All needed storms abate
Themselves. Moons freeze the rain. (5-12)
As Walker sees it, African Americans lost their champion. They lost their voice. The hardness instilled upon them by Malcolm X, that resolve to no longer be afraid broke. To the African Americans of the country, it felt as if the Earth has frozen over, like all life had been sucked out of the world; however, their pain was visible. Their pain was tumultuous like a churning sea during a storm, tossing them about in thralls of intense emotion. Although their world as they knew it previously was crumbling, the white man continued to move forward with his racism and his hate. When Walker talks of storms abating, she is really saying that the progress they had made, all of the force and tension that Malcolm X had created towards white society, ceased with his death. The fight for the rights of black America had come to a standstill. The storms to come and movements he would have created could never come to light: “Uncle Sam’s hands are dripping with blood, dripping with the blood of [another] black man in this country” (Malcolm X 10). The white man had killed yet another black man, thus delivering him away from the evil and cruelty of this world.
However, Malcolm X, in his death, was transited from his earthly body to a position of martyrdom. His work lived on as his legacy, but he was no longer alive to continue that work. Black Americans had to carry on the progress that he had made, including those who did not believe in him during his life. Walker states:
So piteous there were
The stolid and the dumb
So piteous as not to mourn
So piteous, so many
The stolid and the dumb.
He has gone up, delivered. (13-20)
On the basis of these words, the time had come for all members of Black America rise, to let their voices be heard and take a stand against their oppressors. All mourned the loss of their voice; however, they had to also find their own within this moment of loss. Malcolm X put his life on the line fighting for what he believed in and fighting for his people, which in turn meant that he had been delivered. He was now a martyr for the movement; he was the patron saint of the Civil Rights Movement. As penance for not believing in Malcolm X while he was alive, members of the black community had to now stand with their brothers and sisters.

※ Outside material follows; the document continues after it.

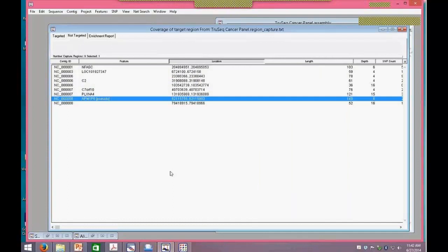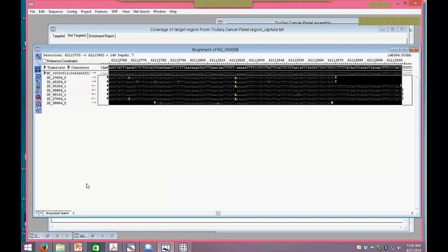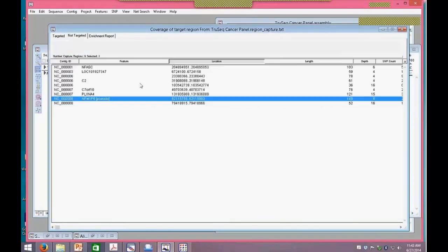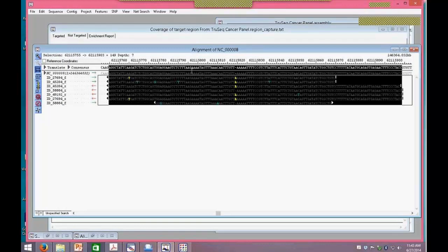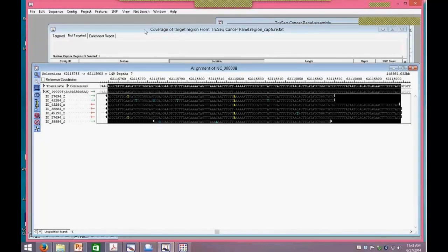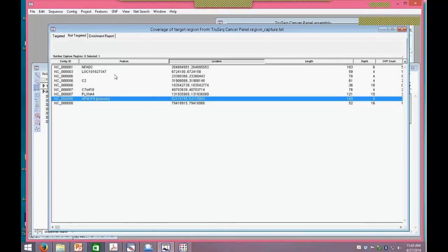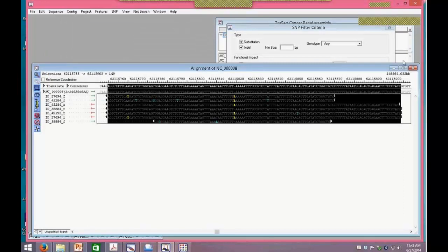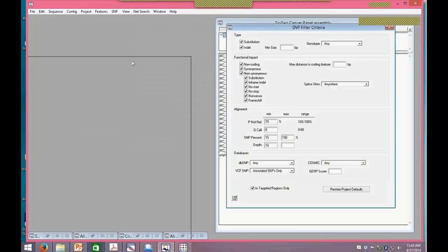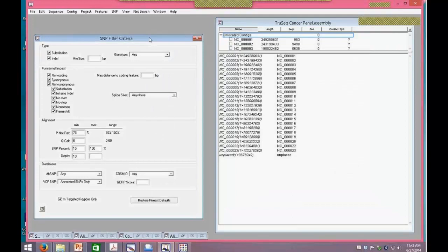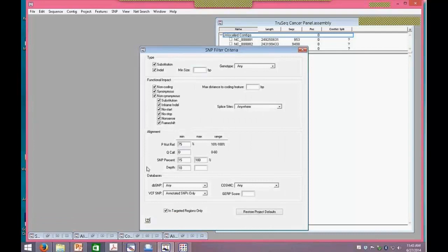We can see reads that weren't specific to the target and landed in pseudogenes. I've seen custom data sets where the targeting was not very specific and you get a whole list of pseudogenes, then you have to go back and adjust the primers and probes to get more accurate targeting. The new SNP filtering lets us apply multiple filters and really narrow down our focus on the targeted areas to find those SNPs of interest.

He gave them their voice, he showed them that there was hope, and he showed them that they no longer needed to live in fear of the white man. He began the work and blazed the trail, and now it was time for his followers to rise up. Walker is telling her fellow people that the time has come to fight and win what is rightfully theirs: their freedom.
“The Ballot or the Bullet” by Malcolm X and “For Malcolm X” by Margaret Walker illustrate the need for a martyr in this movement for equality. These pieces show that in order for progress to be made and solidified the members of the movement must be willing to die for their cause. They cannot ignore what is happening around them until they have no choice but to see; they must wholeheartedly throw themselves in front of the firing squad and tell them that they are not afraid. They must prove to the world that their cause is worth dying for. He was able to unite his people even more after his death. Through this conception, by Malcolm X dying for his cause, he ultimately was able to propel the Civil Rights Movement farther into the right direction than he was able to do during his lifetime.
Malcolm X. “The Ballot or the Bullet.” Congress of Racial Equality, 3 April 1964, Cleveland, Ohio, EdChange, http://www.edchange.org/multicultural/speeches/malcolm_x_ballot.html, 23 February 2017
Walker, Margaret. “For Malcolm X.” SOS—Calling All Black People: A Black Arts Movement Reader, edited by John H. Bracey, Sonia Sanchez, and James Smethhurst, University of Massachusetts Press, 2014, pp. 321.